Once numbering in the thousands from northeast Washington to Glacier National Park and south to the Clearwater River, with additional strongholds in the Great Lakes states and Maine, the caribou recovery area represents less than 1% of historic range once occupied by caribou in the lower 48 states. Except for this remaining Selkirks population, they were eliminated by a combination of logging of their old-growth forest habitats, hunting and poaching, and roads. Research shows caribou are displaced by snowmobiles and other winter recreation activities and tend to avoid these areas in following years. Wildfire has also affected the caribou's preferred habitat, as has predation by mountain lions. Thus, natural events with which caribou have evolved pose threats when combined with modern-day human activities.

The area managed for recovery since a Caribou Recovery Plan was written in 1994 covers about 746,500 acres in the US.  The recently proposed Critical Habitat is 375,565 acres-only about half the Recovery Area.

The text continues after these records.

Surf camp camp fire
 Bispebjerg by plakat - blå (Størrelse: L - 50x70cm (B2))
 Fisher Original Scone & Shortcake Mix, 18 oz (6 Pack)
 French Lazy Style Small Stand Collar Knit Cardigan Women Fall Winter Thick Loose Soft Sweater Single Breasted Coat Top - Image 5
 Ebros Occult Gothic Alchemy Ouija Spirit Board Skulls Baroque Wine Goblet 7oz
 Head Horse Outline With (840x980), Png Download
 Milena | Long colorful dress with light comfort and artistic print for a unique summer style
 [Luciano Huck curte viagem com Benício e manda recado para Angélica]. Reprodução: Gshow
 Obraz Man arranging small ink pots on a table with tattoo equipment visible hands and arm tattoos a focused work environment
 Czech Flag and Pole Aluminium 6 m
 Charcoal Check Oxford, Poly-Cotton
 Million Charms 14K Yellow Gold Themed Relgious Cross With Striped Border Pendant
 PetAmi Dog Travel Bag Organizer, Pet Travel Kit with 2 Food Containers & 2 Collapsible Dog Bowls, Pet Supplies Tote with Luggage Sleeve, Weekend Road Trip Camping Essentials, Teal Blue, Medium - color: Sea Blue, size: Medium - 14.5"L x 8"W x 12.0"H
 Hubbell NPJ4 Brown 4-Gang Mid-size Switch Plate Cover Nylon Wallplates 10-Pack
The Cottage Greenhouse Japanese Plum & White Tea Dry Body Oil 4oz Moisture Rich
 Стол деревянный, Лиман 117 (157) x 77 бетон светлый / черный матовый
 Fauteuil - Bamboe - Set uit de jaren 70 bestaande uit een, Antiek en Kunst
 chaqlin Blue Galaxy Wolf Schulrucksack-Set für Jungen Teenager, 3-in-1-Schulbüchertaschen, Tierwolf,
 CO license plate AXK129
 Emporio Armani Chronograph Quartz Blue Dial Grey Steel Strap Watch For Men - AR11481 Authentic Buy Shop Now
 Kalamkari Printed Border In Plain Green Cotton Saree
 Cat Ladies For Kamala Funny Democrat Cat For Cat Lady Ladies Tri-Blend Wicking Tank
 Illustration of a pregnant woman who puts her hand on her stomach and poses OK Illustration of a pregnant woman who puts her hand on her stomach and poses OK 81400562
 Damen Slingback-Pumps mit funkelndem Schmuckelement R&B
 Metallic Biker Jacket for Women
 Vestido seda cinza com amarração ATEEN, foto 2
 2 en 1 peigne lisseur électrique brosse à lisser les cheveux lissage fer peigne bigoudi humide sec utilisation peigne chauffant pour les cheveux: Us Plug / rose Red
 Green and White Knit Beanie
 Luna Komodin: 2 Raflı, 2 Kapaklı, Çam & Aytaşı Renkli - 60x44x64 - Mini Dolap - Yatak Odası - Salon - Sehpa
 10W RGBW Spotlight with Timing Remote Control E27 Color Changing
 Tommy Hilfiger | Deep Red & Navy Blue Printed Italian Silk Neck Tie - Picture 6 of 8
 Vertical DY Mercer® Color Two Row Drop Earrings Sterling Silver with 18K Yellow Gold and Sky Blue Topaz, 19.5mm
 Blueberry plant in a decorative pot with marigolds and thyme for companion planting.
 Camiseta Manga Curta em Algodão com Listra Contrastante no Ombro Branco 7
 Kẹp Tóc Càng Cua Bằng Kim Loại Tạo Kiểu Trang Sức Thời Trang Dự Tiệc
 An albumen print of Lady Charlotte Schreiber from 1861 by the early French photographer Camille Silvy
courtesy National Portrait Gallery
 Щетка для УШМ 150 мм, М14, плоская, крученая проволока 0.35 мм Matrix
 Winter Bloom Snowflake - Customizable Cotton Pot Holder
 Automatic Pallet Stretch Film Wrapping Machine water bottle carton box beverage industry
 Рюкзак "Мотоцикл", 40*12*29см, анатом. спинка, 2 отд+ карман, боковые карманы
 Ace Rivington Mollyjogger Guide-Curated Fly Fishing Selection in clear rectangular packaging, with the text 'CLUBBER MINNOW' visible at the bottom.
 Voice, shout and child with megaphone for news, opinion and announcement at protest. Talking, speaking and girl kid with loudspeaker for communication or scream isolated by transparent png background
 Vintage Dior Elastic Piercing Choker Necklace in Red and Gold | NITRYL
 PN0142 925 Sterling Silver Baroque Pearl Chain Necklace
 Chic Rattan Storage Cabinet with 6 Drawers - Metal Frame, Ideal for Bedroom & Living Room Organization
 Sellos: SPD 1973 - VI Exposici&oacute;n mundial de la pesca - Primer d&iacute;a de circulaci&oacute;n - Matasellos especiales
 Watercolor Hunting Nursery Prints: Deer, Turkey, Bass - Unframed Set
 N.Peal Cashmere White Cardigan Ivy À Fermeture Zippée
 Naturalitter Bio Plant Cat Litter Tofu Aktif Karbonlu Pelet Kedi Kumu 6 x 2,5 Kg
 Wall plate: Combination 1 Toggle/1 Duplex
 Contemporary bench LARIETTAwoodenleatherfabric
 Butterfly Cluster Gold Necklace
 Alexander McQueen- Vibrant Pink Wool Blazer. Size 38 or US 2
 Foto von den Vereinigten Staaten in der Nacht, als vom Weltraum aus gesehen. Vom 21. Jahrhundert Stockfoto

The mountain ecotype of caribou are a globally unique species found only in the inland temperate rainforests of southeast British Columbia and parts of Washington, Idaho and Montana.  These caribou have survived two ice ages, human development, and human degradation of their land. These endangered animals symbolize the valuable remnants of a once-thriving ecosystem, with clean air, clean water, and pristine forests.

Local government figures and others have expressed and fomented fears that the proposed designation of critical habitat in the southern Selkirk Mountains is just more federal meddling in local affairs. Some snowmobile and timber interests believe that livelihoods would be threatened by critical habitat designation, but since 1987 caribou recovery has been a part of the forest plans for the Idaho Panhandle and Colville National Forests. Designation of caribou critical habitat includes national forest habitats already being managed by for caribou recovery.


  • Click here to read the June 14, Spokesman Review article on snowmobiler-commissioned study.
  • Click here to read the May 31, Spokesman Review article on draft economic analysis for recovery area.
  • Click here to read the Spokesman Review article, Caribou face precarious prognosis, by Becky Kramer, February 26, 2012
  • Click here to read the Spokesman Review article, Feds propose critical caribou habitat in Idaho, Washington, by Rich Landers, November 29, 2011
  • Click here to read The Spokesman Review article, Agency will study habitat of caribou - Conservationists hail decision as crucial for species' survival, by Becky Kramer, The Spokesman Review, June 4, 2009

Our fish and wildlife friends are important parts of balanced ecological systems. These "ecosystems" are made up of diverse habitats, which not only support viable populations of wildlife, but also provide priceless services to human communities such as clean water. Animal and fish populations thus serve as indicators when human activities become unsustainable.

These are reasons why The Lands Council works to save endangered, threatened, and sensitive species, such as mountain caribou, Canada lynx, and bull trout. And because these species depend so much on intact forest ecosystems, we work to preserve old growth and native forests, restore watersheds, and protect roadless areas.